Primeiro, para os mais leigos, é bom saber quem foi este cara que, mesmo depois de séculos, é tão falado no meio das ciências humanas e políticas.
Maquiavel (1469-1527), foi um escritor italiano, autor de algumas obras que são reputadas como de enorme interesse no campo das idéias políticas. Mas escreveu também peças teatrais e históricas. O seu livro mais conhecido se chama “O Príncipe”. Nessa obra, Maquiavel apresenta algumas idéias que separam a política da ética. Escrita em uma Itália fragmentada e desunida, Maquiavel queria uma Itália unificada. Assim, teria dedicado sua obra “O Príncipe,” a César Bórgia (que seria “o príncipe”), em uma carta. Homem o que Maquiavel acreditara que poderia liderar a unificação da Itália, a qual acabou não ocorrendo no século XVI.

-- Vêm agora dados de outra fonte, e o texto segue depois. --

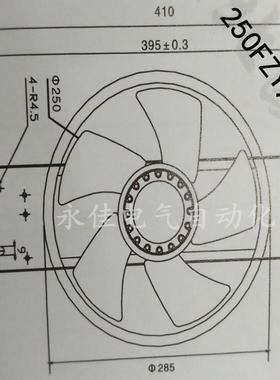 250VOH0FY7-D25FZY-D轴流风机380V8100W外转子Z异步运转电动机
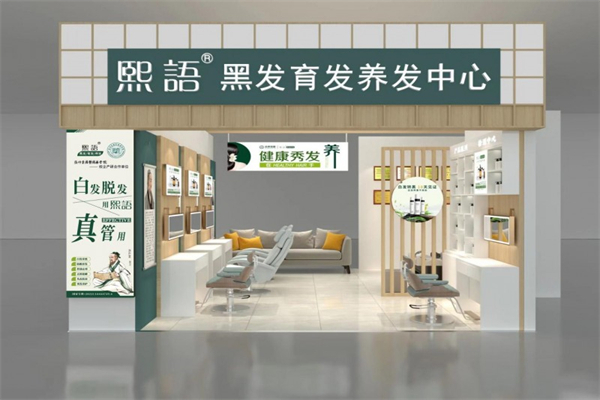 熙语黑发育发养发中心加盟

Todavia, Maquiavel ensinou algumas artimanhas a César Bórgia, que pelo que vemos, são utilizadas até os dias de hoje, algumas estão relatadas a seguir, comparando-as com atitudes de políticos atuais, podemos perceber enormes semelhanças. Aparentemente, muitos políticos possuem a obra “O Príncipe,” de Maquiavel em suas cabeceiras de cama.
Alguns interpretam Maquiavel como cínico e cruel, outros o vêem como realista.
1) “(...) Portanto, não deve preocupar o príncipe o fato de, para conservar todos os seus súditos em união e obediência, ganhar fama de cruel, pois será muito mais compassivo do que os príncipes que, por excesso de clemência, deixam alastrar as desordens, das quais se geram assassínios e rapinas. Estas prejudicam, quase sempre, a generalidade, ao passo que, as execuções ordenadas pelo príncipe, só prejudicam um particular. Entre todos os outros, o príncipe novo é o que tem mais dificuldade em evitar a fama de cruel (...)"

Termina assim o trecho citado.